Published 6:41 pm Thursday, October 25, 2018

To the Editor:
Like many of us, I was confused about the constitutional amendment to cap our tax rate. Sounds good, doesn’t it? Who isn’t in favor of lower taxes? Too good to be true? I looked at the facts.
The constitutional amendment to permanently cap our tax rate at 7 percent from the existing cap of 10 percent would not lower either individual or corporate income tax rates paid currently. In other words, your taxes will not be lowered by this amendment. Your current rate is already below this. Today, individuals pay a flat 5.499 percent on taxable income while corporations pay 3 percent. Those rates will drop further in January 2019 to 5.25 and 2.5 percent respectively.
So who will benefit from this amendment, if you do not? Millionaires — the very rich — are the primary beneficiaries when the income tax rate is not allowed to go above 7 percent.
The simple truth is that lowering the income tax rate will not lower the critical budget needs in our state.
If you get a pay cut from your employer, do your bills and expenses reduce? Of course not! You still have to pay your electric bill, your mortgage. You still have to fix the leaky roof and provide for your children.
So where does our great state find the money to pay the state’s recurring expenses? To pay our teachers a fair wage?

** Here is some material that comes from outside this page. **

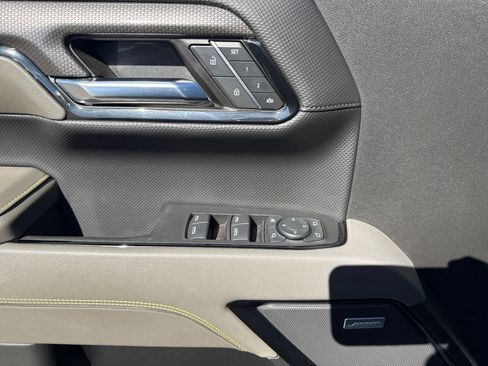 Used 2024 Chevrolet Silverado 1500 ZR2 image 11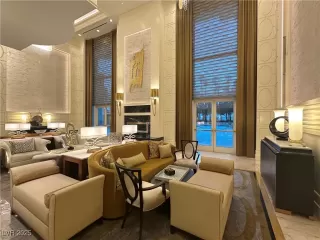 Photo #3: 2703610 Listing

To maintain our sadly neglected schools and highways and bridges? To provide the public services that we all rely on, such as police, child protection, public safety?
There are only a few ways that states can raise funds: income taxes, property taxes, sales taxes and fees. This amendment will shift the burden of the state’s expenses away from the rich and onto our middle class and poor families in the form of higher property taxes, higher sales taxes and higher fees, such as car registration, etc., while the state’s highest income taxpayers, the top 1 percent, continue to reap the benefits from recent tax changes since 2013. Lawmakers would also likely eliminate current income tax deductions that working-class and fixed income families currently receive, in order to reduce the shortfall.
Imagine your employer gives you a raise. You’re happy, right? Until you learn later that your health benefits are costing you more than before. Until you find out that your 401K is no longer funded or your pension will be reduced. So did your employer really give you a raise or just shift the burden of expenses to you?
Lawmakers will also continue to underfund schools, roads, public health and parks. They will have to push greater responsibility to local governments for funding — resulting in higher property taxes. So did you really get a tax cut?
In addition, fewer dollars will be available to make critical, transformative investments in our state, from our sagging educational system to our crumbling roads and bridges.
And what about the unknown future? There’s no way we can predict what federal funding North Carolina will receive. As our population and needs continue to grow, another Hurricane Florence could happen at any time. That’s why it doesn’t make sense to make a permanent change in our state constitution that will tie the hands of lawmakers in the future.
Understand the facts. Don’t be hoodwinked by irrational GOP promises. Better safe than sorry! Vote safe. Vote smart. Vote NO on the constitutional amendment to cap the state income tax rate.